▸ Dataset content:
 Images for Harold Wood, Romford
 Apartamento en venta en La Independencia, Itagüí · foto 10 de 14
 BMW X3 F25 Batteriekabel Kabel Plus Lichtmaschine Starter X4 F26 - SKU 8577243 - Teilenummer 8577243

▸ Work request:
The response is the exact set of lines from the one holding "Apartamento en venta" through the last line of the material.

▸ Task output:
 Apartamento en venta en La Independencia, Itagüí · foto 10 de 14
 BMW X3 F25 Batteriekabel Kabel Plus Lichtmaschine Starter X4 F26 - SKU 8577243 - Teilenummer 8577243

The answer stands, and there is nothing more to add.